Giuliano Giuliani quella notte la sconterà per sempre.

Nel frattempo da Napoli, Giuliani, passa a Udine, perché gli è stato preferito Galli; la sua vita prosegue, lui continua a disegnare le magliette che indossa in campo ma non sta bene. Anche i giornali s’interrogano: “Che cos’ha Giuliani?”: quattro lettere agghiaccianti, un’altra eredità meno luminosa che gli Anni Ottanta si portano appresso, e che lui, uomo mite, senza vizi, ha contratto nell’unica notte in cui ha osato lasciarsi andare: AIDS. Cerca di tenersi tutto dentro ma, poi, stremato, confessa tutto solo all’unica persona che realmente è importante per lui, anche se questo significa confessarle che l’ha tradita. Raffaella crolla, decide di lasciarlo, ma poi sarà sempre vicino a lui, fino a che Giuliano, che intanto aveva già smesso di giocare, morirà.

In tutti questi anni, dirà sua moglie – che intanto ha cresciuto la loro figlia e poi si è riaccompagnata e si è comunque ricostruita una vita con tanta forza – nessuno ha mai speso mezza parola per ricordare suo marito, nessuno nel mondo del Calcio, fatto di cameratismo e condivisione di tutto, festini compresi, ha voluto prodigarsi per aiutare la famiglia Giuliani. Troppo triste, troppo pericoloso, troppo compromettente.

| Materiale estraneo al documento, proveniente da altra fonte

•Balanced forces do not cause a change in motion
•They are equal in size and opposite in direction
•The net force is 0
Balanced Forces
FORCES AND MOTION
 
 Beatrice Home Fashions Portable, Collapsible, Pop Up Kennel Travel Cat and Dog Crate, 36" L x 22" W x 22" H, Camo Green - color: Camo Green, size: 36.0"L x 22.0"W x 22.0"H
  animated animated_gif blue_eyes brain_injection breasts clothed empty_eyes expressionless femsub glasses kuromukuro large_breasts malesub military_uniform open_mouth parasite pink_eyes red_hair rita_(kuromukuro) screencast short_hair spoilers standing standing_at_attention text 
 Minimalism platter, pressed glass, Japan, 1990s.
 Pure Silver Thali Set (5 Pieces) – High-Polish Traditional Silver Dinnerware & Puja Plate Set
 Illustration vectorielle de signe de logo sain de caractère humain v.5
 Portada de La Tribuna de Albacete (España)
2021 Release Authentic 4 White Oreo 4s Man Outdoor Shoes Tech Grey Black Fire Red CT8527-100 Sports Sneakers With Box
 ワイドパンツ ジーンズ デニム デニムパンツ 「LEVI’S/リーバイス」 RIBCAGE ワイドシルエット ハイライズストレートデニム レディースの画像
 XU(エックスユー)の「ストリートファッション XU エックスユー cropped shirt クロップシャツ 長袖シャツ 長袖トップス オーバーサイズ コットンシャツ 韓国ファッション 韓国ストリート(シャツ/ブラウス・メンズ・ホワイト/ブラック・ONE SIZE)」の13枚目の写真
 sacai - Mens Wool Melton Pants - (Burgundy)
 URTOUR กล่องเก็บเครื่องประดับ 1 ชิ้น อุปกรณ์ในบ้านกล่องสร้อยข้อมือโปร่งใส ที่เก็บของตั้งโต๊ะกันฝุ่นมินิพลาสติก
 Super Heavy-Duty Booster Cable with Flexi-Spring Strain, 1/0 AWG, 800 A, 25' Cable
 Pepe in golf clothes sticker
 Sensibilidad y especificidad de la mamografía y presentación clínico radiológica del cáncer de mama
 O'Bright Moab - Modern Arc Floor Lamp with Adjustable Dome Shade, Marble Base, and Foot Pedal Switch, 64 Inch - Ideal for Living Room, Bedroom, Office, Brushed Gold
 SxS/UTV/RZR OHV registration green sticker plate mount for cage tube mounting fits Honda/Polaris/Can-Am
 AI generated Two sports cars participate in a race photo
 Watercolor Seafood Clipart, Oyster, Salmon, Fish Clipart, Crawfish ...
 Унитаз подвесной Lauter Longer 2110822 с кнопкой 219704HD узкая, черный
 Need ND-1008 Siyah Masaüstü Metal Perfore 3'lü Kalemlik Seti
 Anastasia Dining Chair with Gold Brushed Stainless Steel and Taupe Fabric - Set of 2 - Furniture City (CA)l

Eppure, pensateci, ciascuno di noi ha ceduto almeno una volta nella vita, ciascuno di noi può aver commesso un’uscita a vuoto. Uomini responsabili, buoni, poco inclini al frastuono e alle luci da “Disco Music” Anni Ottanta, ma che per una volta si sono lasciati coinvolgere perché “siamo esseri fallibili”. Di Giuliani ne’è pieno il mondo e la memoria di questi individui dovrebbe essere salvaguardata in altra maniera, come si fa per un trofeo messo in una teca e quasi venerato, perché per tutta la loro vita sono state degne persone. Un errore può costare carissimo sulla terra, ma non può e non deve intaccare il ricordo ultraterreno. Di Giuliani ne è pieno il mondo, è vero, ma di Giuliano Giuliani, portiere e uomo di poche parole, ce n’è stato uno solo, ed è stato un signor numero uno.